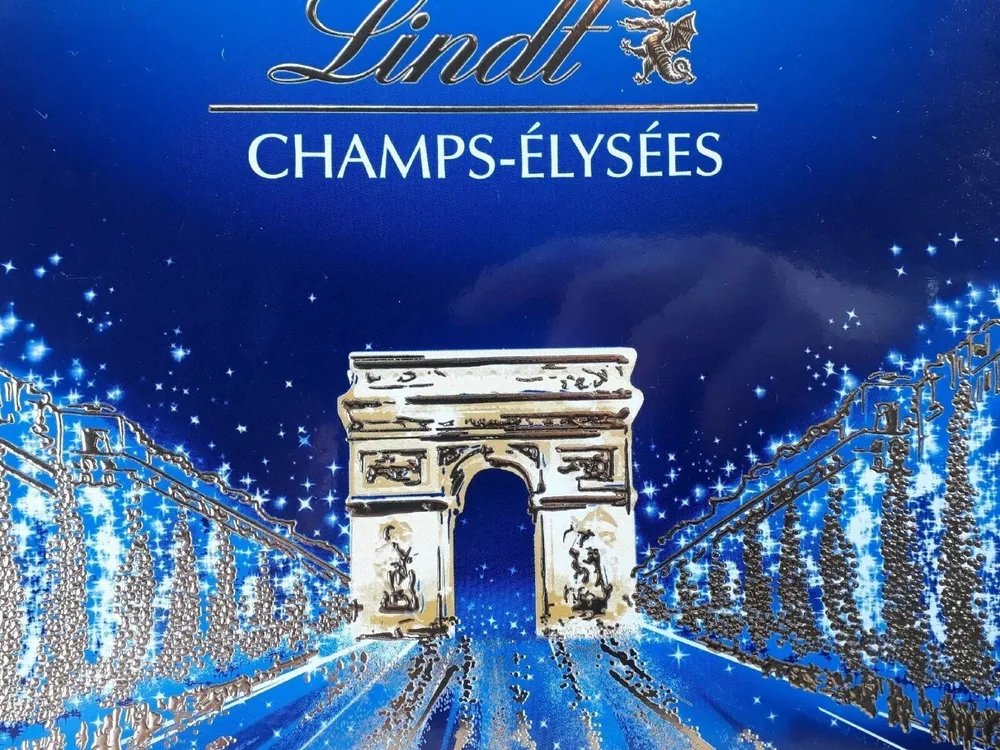 Champs-Elysées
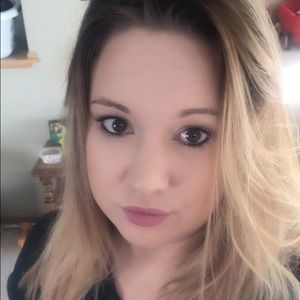 Meet your Posher, Lacy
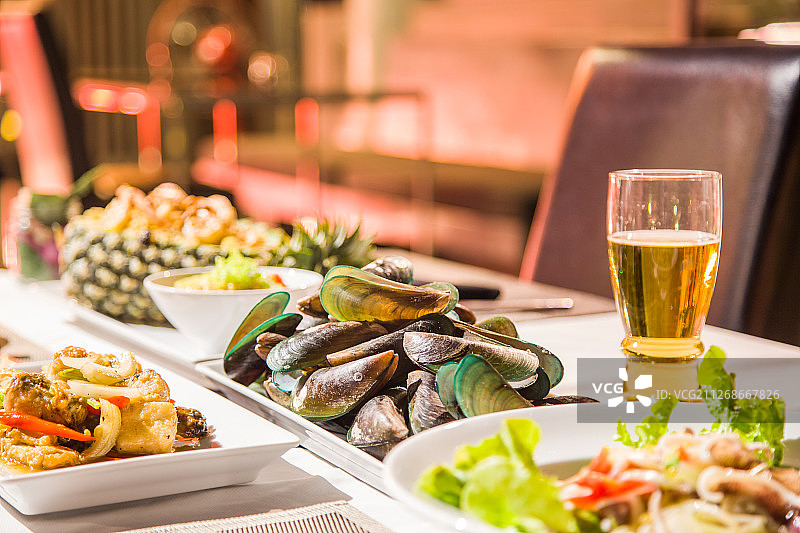 美食海鲜啤酒餐桌图片素材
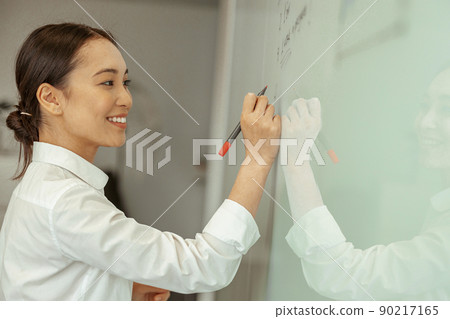 Smart asian business woman write project plan on flipboard during meeting  90217165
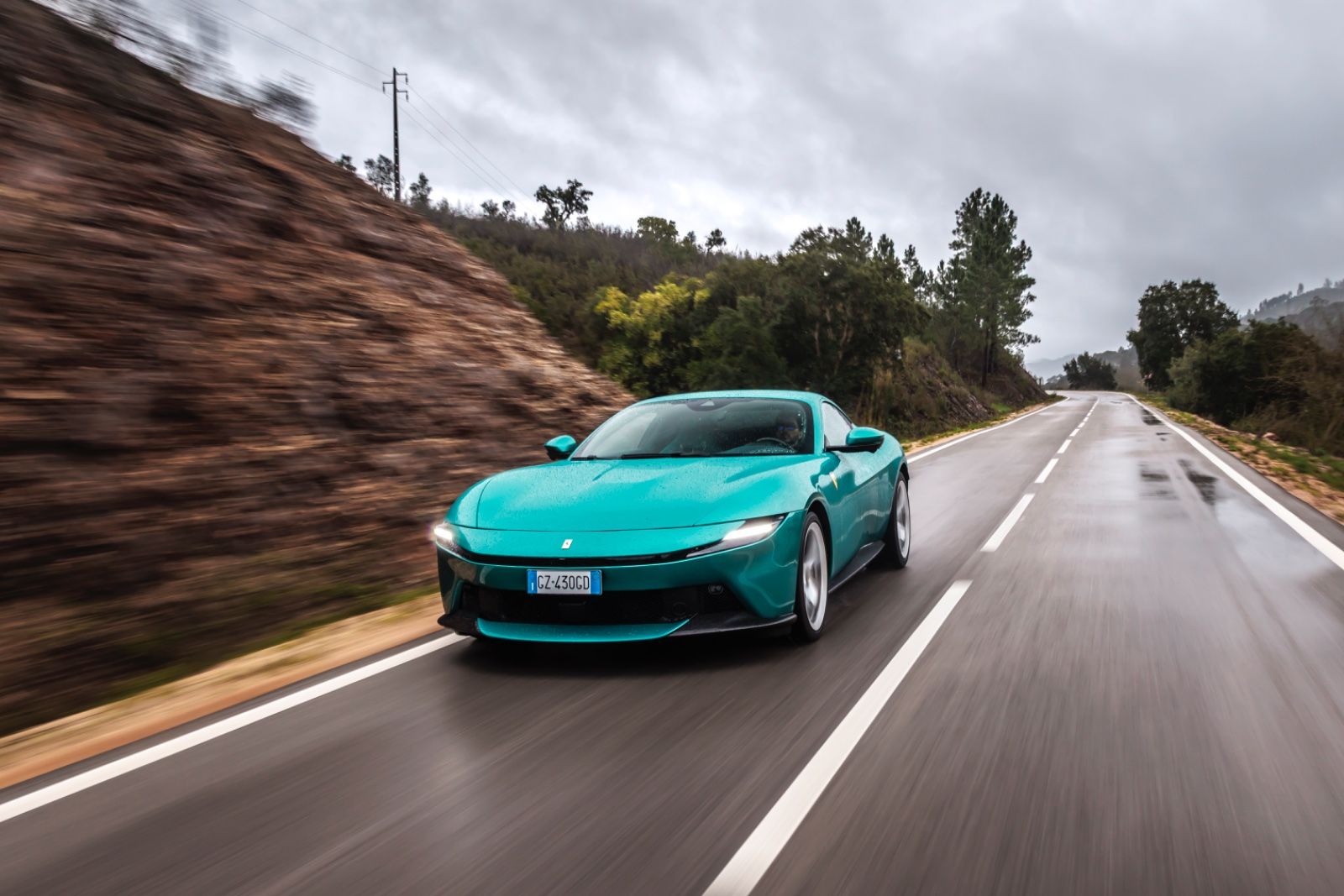 Ferrari Amalfi tracking shot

········

No pictures belong in the copy. Repeat the entries exactly.

RESPONSE FOR THIS EXERCISE:
 Champs-Elysées
 Meet your Posher, Lacy
 美食海鲜啤酒餐桌图片素材
 Smart asian business woman write project plan on flipboard during meeting  90217165
 Ferrari Amalfi tracking shot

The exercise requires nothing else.